APPROVAL OF THE APPELLATE DIVISION

 

SUPERIOR COURT OF NEW JERSEY

APPELLATE DIVISION

DOCKET NO. A-0


BRIAN WHALEN,


Petitioner-Appellant,


v.


BOARD OF REVIEW, DEPARTMENT

OF LABOR, and DAVE TARTAGLIONE,


Respondents-Respondents.


____________________________________________________

April 15, 2014

 

Submitted April 8, 2014 Decided

 

Before Judges Fisher and O'Connor.


On appeal from the Board of Review, Department of Labor.

 

Thomas W. Williams, attorney for appellant.1


John J. Hoffman, Acting Attorney General, attorney for respondent (Sara B. Liebman, Special Deputy Attorney General/ Acting Assistant Prosecutor, on the brief).

 

Law Office of Robert W. Mayer, attorneys for respondent Dave Tartaglione (Robert W. Mayer, on the brief).


PER CURIAM


In considering this appeal of the denial of unemployment benefits, we briefly discuss its procedural history because that history informs our decision.

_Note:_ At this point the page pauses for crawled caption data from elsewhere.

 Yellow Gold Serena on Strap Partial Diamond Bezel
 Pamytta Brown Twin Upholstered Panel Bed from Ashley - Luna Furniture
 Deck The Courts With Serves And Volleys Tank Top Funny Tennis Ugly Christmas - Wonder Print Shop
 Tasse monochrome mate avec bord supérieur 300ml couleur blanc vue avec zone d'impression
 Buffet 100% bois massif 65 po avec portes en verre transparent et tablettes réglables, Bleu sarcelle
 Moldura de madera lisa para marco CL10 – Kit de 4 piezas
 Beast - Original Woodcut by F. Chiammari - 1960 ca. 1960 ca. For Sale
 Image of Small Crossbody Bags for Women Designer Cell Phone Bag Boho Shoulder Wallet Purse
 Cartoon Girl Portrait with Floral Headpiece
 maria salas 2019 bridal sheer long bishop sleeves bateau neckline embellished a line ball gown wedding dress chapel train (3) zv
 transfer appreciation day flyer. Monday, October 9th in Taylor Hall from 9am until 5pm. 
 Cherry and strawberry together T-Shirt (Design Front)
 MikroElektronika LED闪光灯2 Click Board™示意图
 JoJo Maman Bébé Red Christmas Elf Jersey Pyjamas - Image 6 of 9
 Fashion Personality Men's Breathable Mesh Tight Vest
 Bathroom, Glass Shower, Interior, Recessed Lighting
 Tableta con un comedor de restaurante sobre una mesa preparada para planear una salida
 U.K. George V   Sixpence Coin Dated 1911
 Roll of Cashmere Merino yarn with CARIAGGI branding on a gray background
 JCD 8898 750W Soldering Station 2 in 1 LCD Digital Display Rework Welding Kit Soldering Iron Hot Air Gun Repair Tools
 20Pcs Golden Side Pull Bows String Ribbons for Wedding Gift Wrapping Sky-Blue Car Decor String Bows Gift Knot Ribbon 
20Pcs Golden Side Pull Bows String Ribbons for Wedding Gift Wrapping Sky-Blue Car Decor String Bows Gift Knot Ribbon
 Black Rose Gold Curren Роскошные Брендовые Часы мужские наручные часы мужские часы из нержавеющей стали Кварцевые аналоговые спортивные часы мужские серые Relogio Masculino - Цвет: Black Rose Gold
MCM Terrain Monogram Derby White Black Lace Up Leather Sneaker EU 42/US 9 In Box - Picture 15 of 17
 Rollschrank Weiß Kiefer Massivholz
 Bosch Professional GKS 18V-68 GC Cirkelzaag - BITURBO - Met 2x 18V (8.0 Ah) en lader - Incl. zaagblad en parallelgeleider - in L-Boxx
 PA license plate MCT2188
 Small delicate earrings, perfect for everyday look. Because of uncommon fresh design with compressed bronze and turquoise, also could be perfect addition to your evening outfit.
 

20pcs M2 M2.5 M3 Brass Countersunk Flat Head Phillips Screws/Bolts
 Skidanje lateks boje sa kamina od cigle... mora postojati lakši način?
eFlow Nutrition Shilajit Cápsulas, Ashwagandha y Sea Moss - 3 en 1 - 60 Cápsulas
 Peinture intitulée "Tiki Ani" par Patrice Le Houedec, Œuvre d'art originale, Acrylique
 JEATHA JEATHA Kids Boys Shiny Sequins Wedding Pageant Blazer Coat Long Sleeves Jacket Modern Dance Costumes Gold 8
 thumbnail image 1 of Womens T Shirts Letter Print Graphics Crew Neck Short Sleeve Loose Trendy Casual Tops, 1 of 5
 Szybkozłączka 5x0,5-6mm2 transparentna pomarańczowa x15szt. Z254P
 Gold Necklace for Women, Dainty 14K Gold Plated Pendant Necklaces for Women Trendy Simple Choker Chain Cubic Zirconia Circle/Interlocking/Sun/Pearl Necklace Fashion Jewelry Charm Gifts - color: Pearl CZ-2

Appellant Brian Whalen was employed by Park Ridge Florist (the employer) from 1999 until he resigned on April 23, 2010. Two days later, Whalen filed a claim for unemployment benefits, claiming he did not voluntarily resign but did so because of harassment by a co-worker. The Deputy Director found Whalen eligible, and the employer appealed. On July 8, 2010, the Appeal Tribunal conducted a hearing and found Whalen disqualified from receiving benefits. Whalen filed a timely appeal with the Board of Review, which affirmed the Appeal Tribunal on January 18, 2011.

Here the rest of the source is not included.